Confession #1: I am a little obsessed with Chanel. It has always piqued my interest, even before I was aware that the small quilted “grown up” handbag slung on my eight year old shoulder had been inspired by a bag designed by Coco Chanel in 1955.
I was lucky enough to find the ultimate treasure at Bondi markets one sunny day five years ago – a navy blue quilted handbag – long gold chain strap, tassel and all. Made in the 1980s and inherited from her mother, I could not have handed my hand earned money over to the seller quick enough. It remains the most used bag in my wardrobe, and I will always treasure it as the first bag I fell head over heels for.
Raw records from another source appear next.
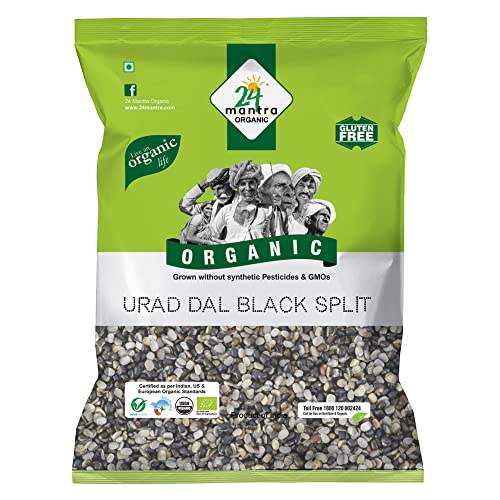 Image of 24 Mantra Organic Unpolished Urad Dal Black Split /Black Gram split /Minapa pappu /Kali dal - 500gms | Pack of 2 | 100% Organic | Chemical Free & Pesticides Free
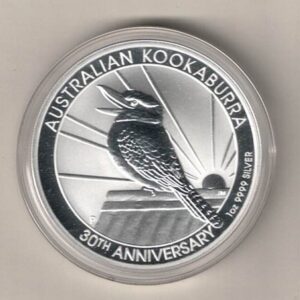 2020 Anniversary Silver Australia One Ounce Kookaburra. Kookaburras are on both sides. The coin contains one ounce of 9999 fine silver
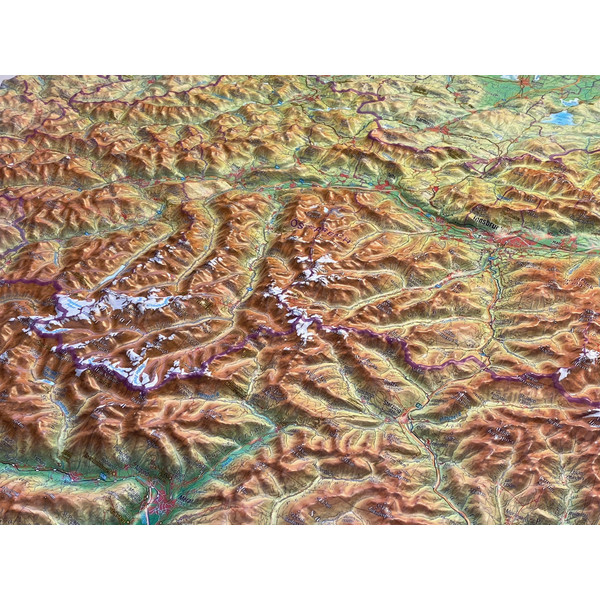 RELIEF TIROL 1:325.000 MIT NATURHOLZRAHMEN - Karte Ansicht 3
Aside from a spritz of Coco Mademoiselle, it is the only piece of Chanel I own. The collections I lust over season after season are far beyond my meagre budget. They will probably always be beyond my budget, but that does not cease my fascination with the brand, its iconic history, and the direction it is moving in the future.
A product of the recent direction was officially launched on the 15th October. Perhaps the most important piece of their marketing strategy – the latest advertisement for Chanel No. 5. When I heard it was to feature Brad Pitt, I was disappointed. I have never understood what it is about him that makes females of all ages weak at the knees. With the previous advertisements best described as mini-movies, grand scale productions by the likes of Baz Luhrmann and featuring actresses such as Nicole Kidman, Marion Cotillard and Audrey Tautou, I was curious to see how Brad Pitt would sell the perfume as the first male spokesmodel.
I should have had more faith in my favourite brand. A revolutionary company that has always rebelled against the conventions. Stripped back to black and white, the ad is simple but intimate. A break from previous campaigns, and one that I’m sure Mademoiselle Chanel would approve of.
Confession #2: I must profess that the iconic scent is not to my liking. Perhaps it will grow on me, however for the moment, Coco Mademoiselle is without a doubt my preference. However, I do have a deep appreciation for the scent after reading (and absolutely loving) Tilar J. Mazzeo’s book, The Secret of Chanel No. 5. The Intimate History of the World’s Most Famous Fragrance. No perfume in history has been as influential. I hope Mr Pitt realises how lucky he is to speak on its behalf!